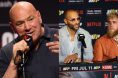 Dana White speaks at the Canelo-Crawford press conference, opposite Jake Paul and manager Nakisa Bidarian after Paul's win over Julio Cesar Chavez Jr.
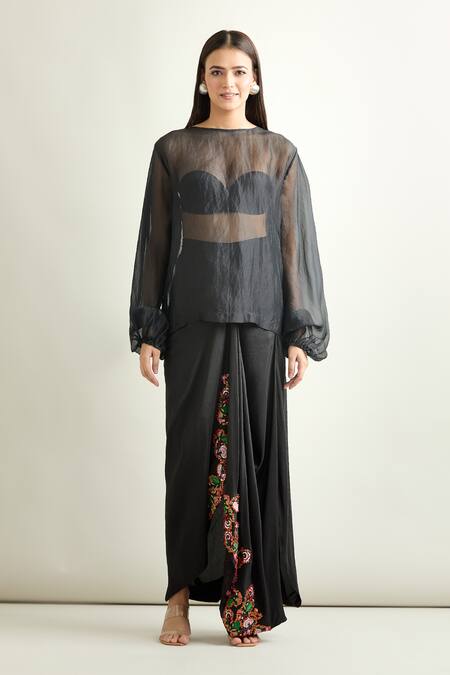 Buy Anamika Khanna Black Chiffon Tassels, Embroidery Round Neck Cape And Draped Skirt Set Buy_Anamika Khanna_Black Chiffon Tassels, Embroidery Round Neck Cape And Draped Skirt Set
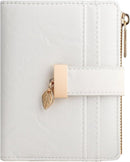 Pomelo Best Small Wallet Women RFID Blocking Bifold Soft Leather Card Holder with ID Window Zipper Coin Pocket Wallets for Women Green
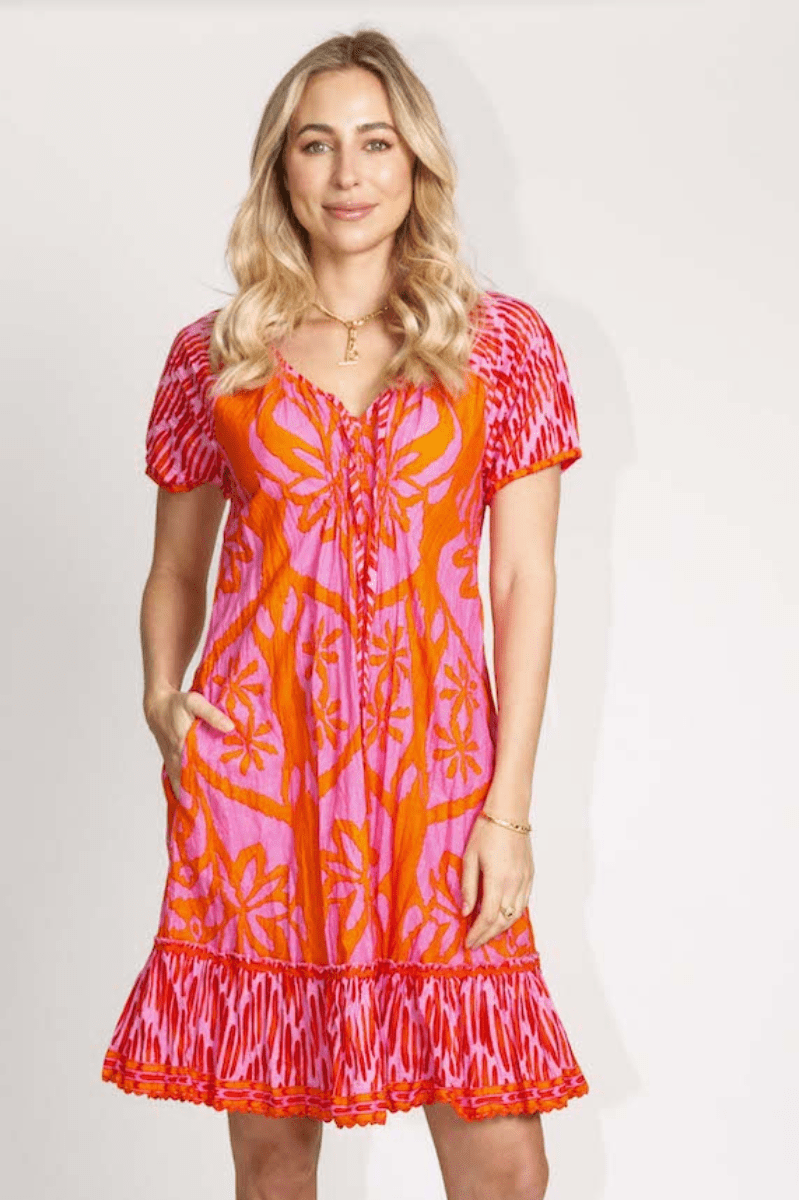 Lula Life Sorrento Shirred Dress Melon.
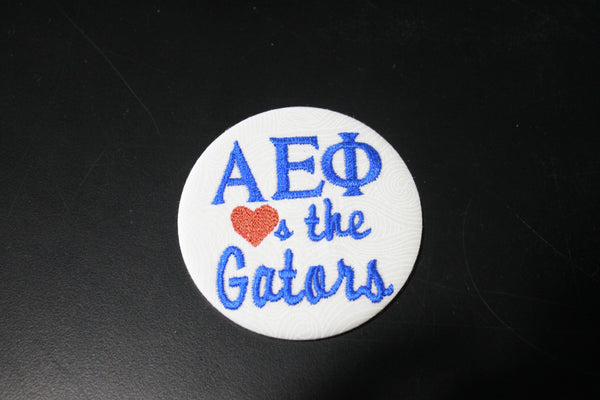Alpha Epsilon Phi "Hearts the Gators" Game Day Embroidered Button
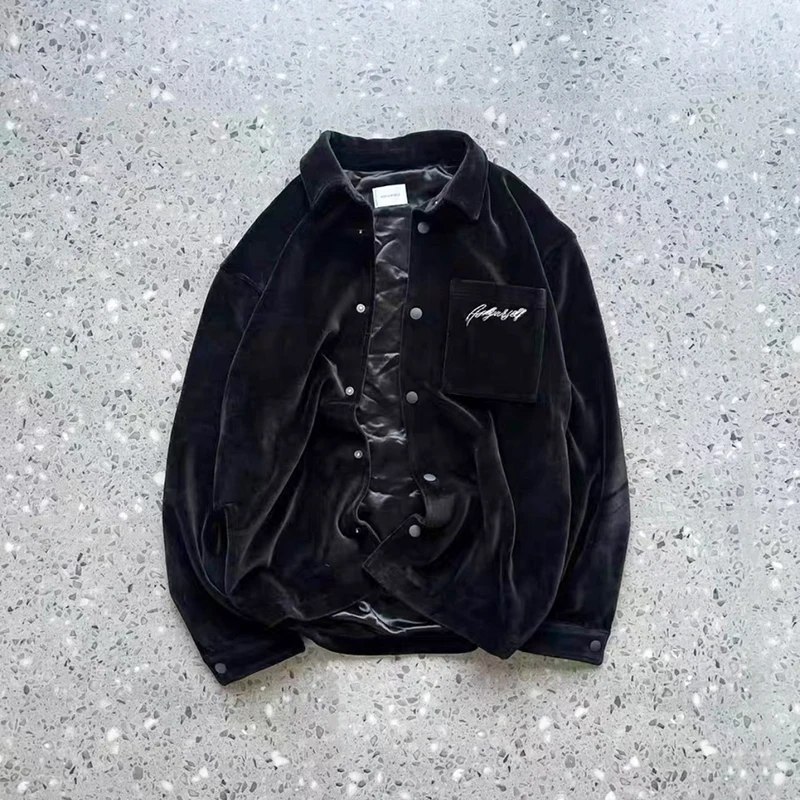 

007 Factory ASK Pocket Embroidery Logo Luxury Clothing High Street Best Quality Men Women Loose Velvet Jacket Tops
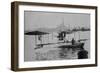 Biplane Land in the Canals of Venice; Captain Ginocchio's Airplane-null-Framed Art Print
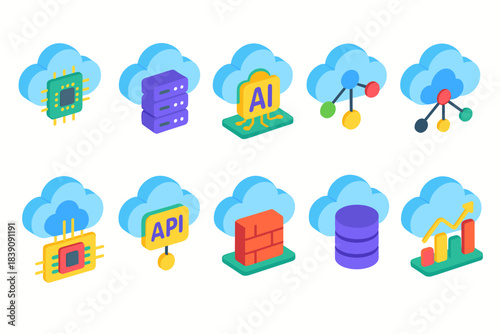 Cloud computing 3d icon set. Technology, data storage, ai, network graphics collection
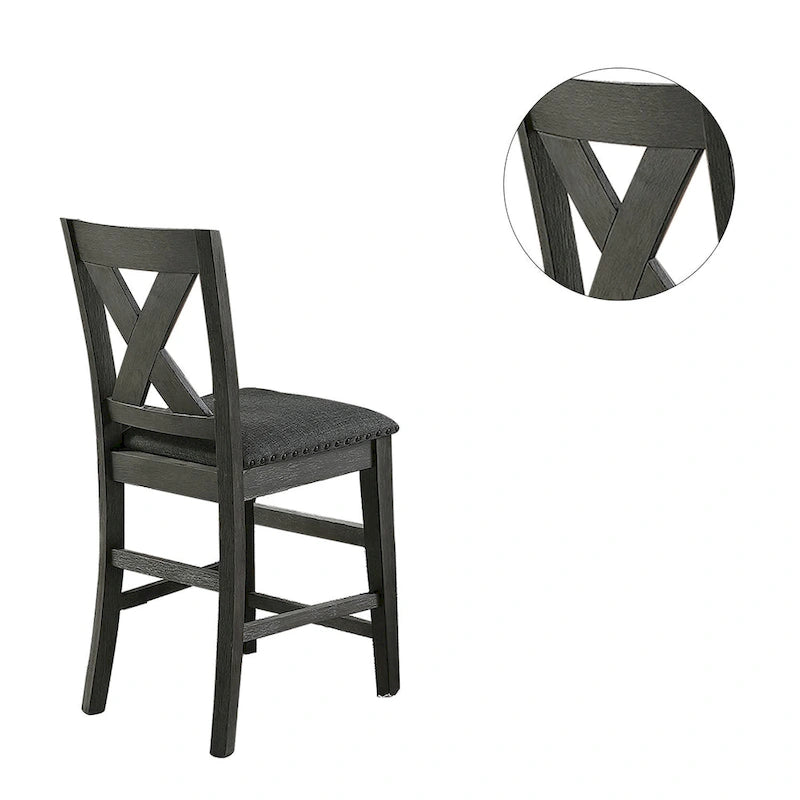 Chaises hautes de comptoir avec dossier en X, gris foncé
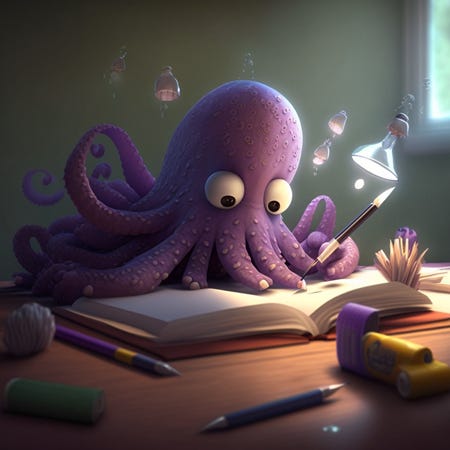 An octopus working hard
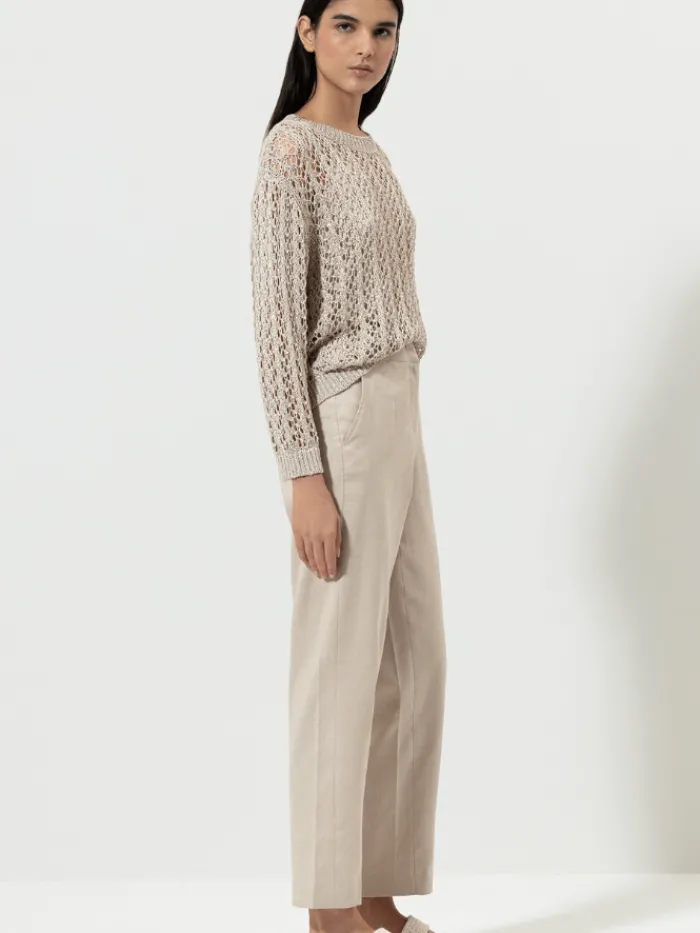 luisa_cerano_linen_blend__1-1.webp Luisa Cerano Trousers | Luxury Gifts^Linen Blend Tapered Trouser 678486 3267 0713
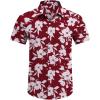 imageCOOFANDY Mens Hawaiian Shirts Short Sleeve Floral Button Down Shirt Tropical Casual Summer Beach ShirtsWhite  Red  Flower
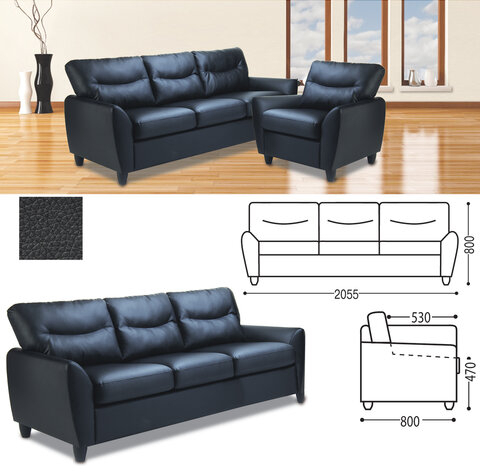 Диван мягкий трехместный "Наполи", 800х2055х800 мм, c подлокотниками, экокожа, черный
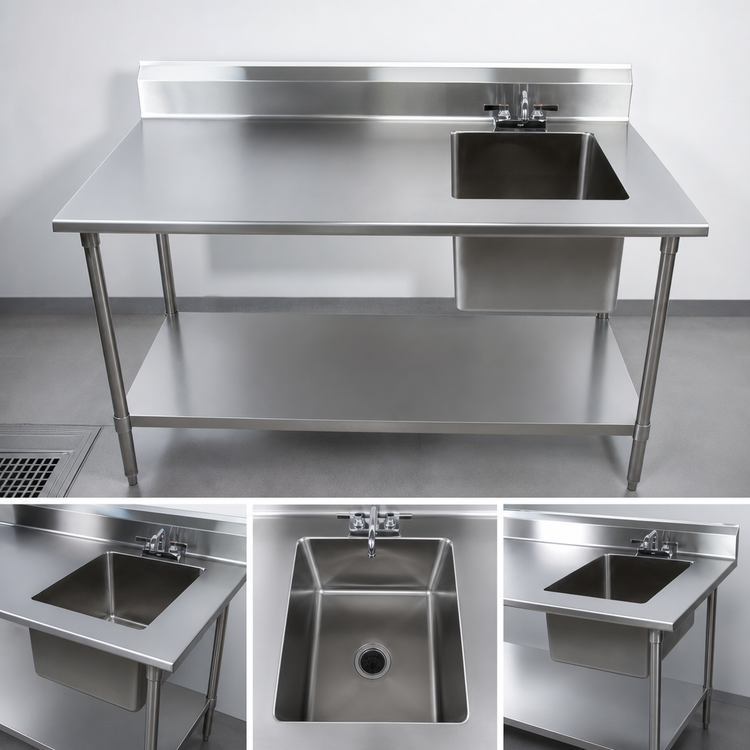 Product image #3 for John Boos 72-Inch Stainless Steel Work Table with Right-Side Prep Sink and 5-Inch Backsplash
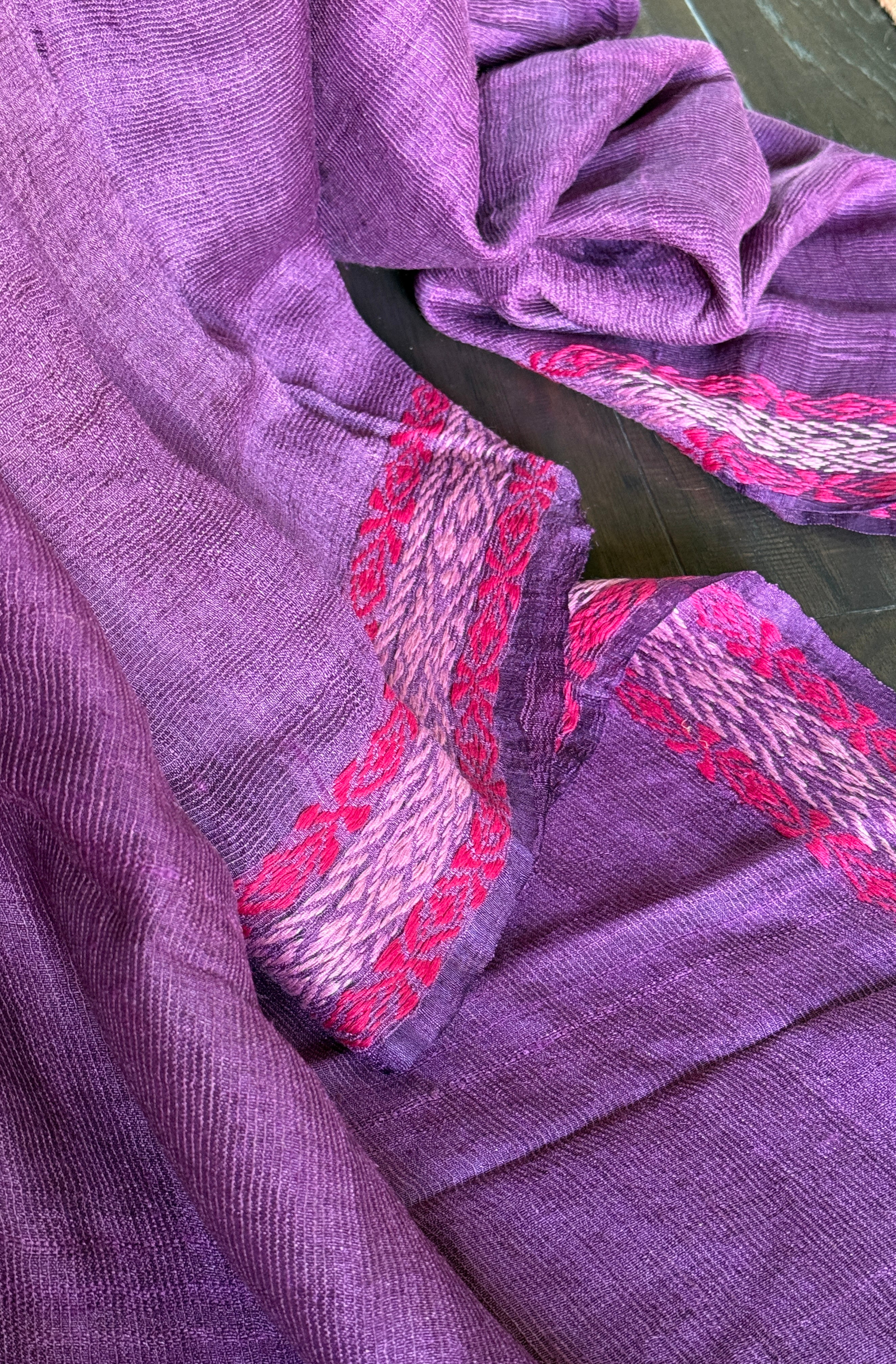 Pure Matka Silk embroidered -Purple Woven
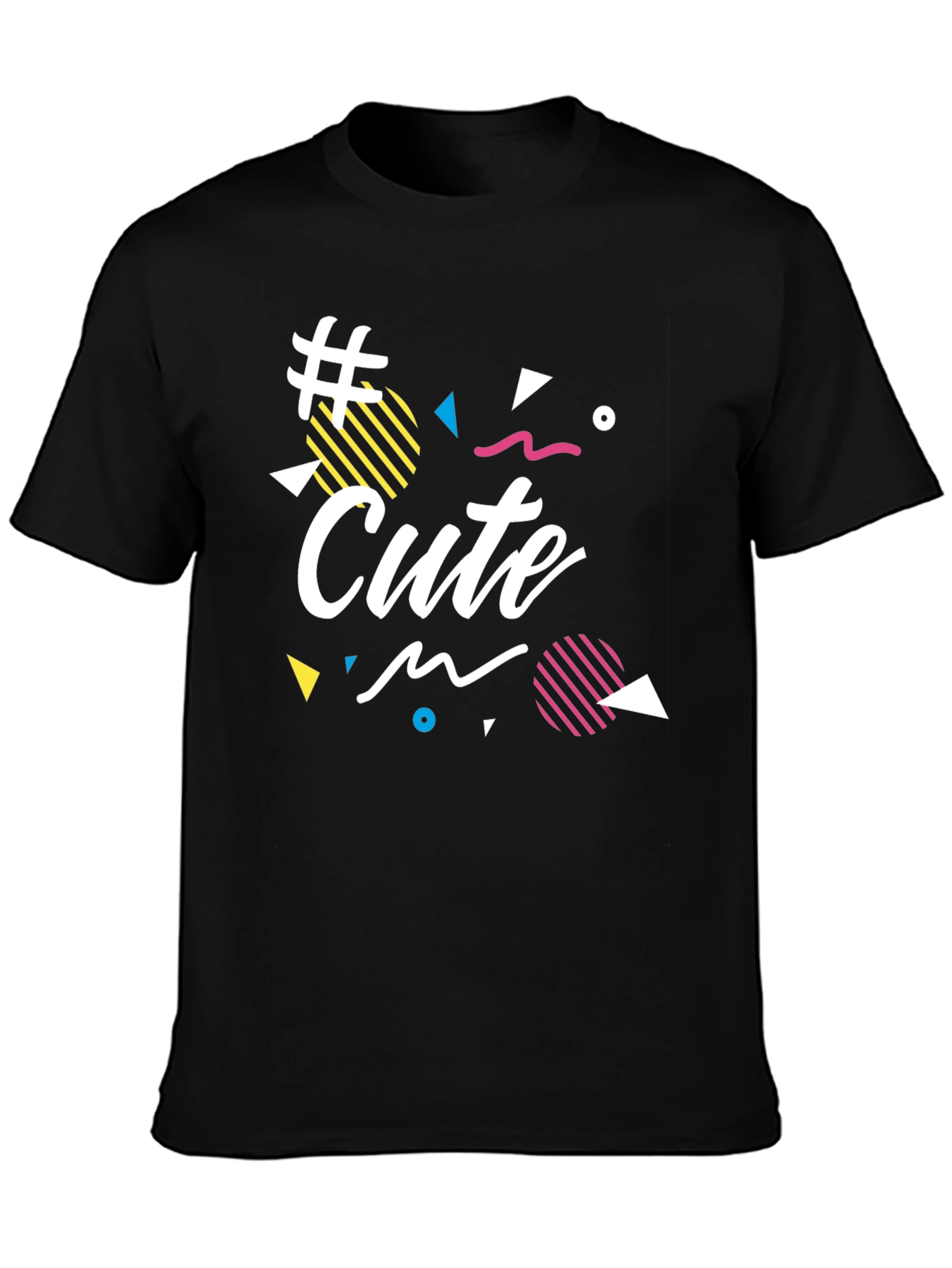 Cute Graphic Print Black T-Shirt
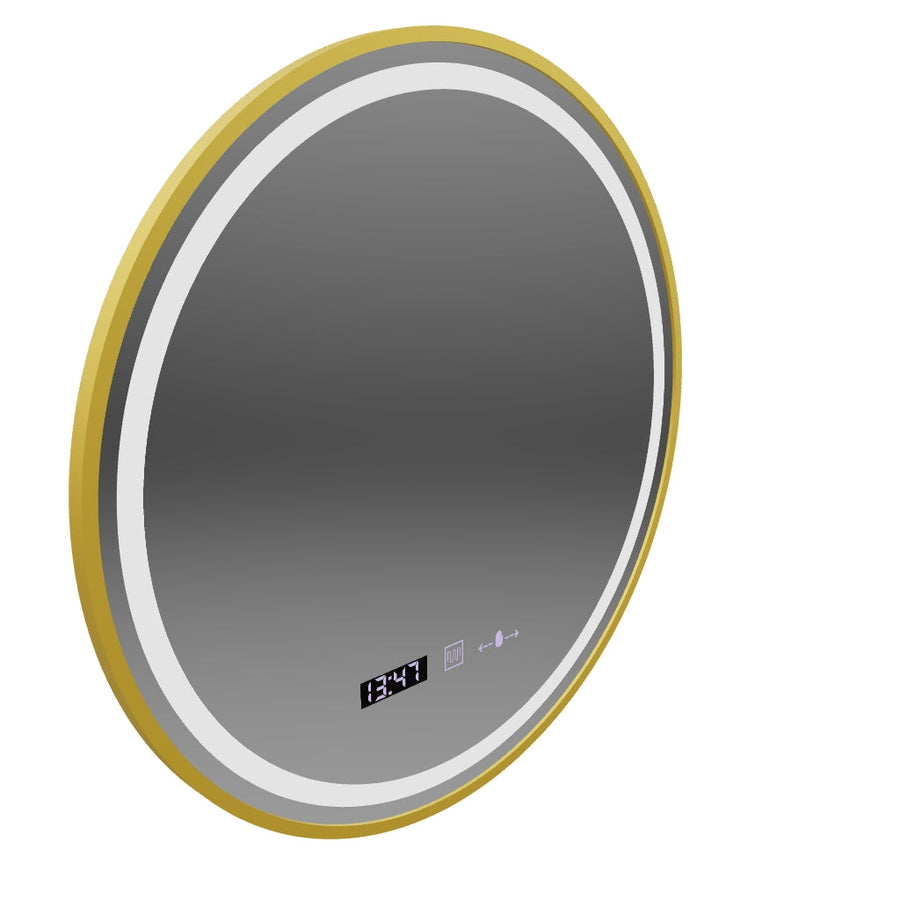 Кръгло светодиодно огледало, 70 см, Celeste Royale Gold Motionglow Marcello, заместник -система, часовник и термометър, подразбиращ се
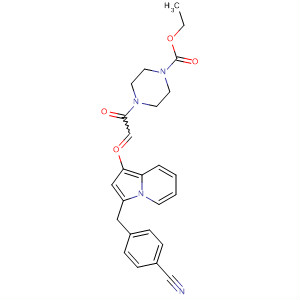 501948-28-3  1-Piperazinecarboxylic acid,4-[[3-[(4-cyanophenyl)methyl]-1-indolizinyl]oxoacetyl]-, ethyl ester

____________________

_ACTION ITEM_: Every line between the start of the listing and the line containing "imageCOOFANDY Mens Hawaiian", both ends counted, needs to be printed exactly, minus the pictures.

_OUTPUT OF THE TASK_:
 Dana White speaks at the Canelo-Crawford press conference, opposite Jake Paul and manager Nakisa Bidarian after Paul's win over Julio Cesar Chavez Jr.
 Buy Anamika Khanna Black Chiffon Tassels, Embroidery Round Neck Cape And Draped Skirt Set Buy_Anamika Khanna_Black Chiffon Tassels, Embroidery Round Neck Cape And Draped Skirt Set
 Pomelo Best Small Wallet Women RFID Blocking Bifold Soft Leather Card Holder with ID Window Zipper Coin Pocket Wallets for Women Green
 Lula Life Sorrento Shirred Dress Melon.
Alpha Epsilon Phi "Hearts the Gators" Game Day Embroidered Button

007 Factory ASK Pocket Embroidery Logo Luxury Clothing High Street Best Quality Men Women Loose Velvet Jacket Tops
 Biplane Land in the Canals of Venice; Captain Ginocchio's Airplane-null-Framed Art Print
 Cloud computing 3d icon set. Technology, data storage, ai, network graphics collection
 Chaises hautes de comptoir avec dossier en X, gris foncé
 An octopus working hard
 luisa_cerano_linen_blend__1-1.webp Luisa Cerano Trousers | Luxury Gifts^Linen Blend Tapered Trouser 678486 3267 0713
 imageCOOFANDY Mens Hawaiian Shirts Short Sleeve Floral Button Down Shirt Tropical Casual Summer Beach ShirtsWhite  Red  Flower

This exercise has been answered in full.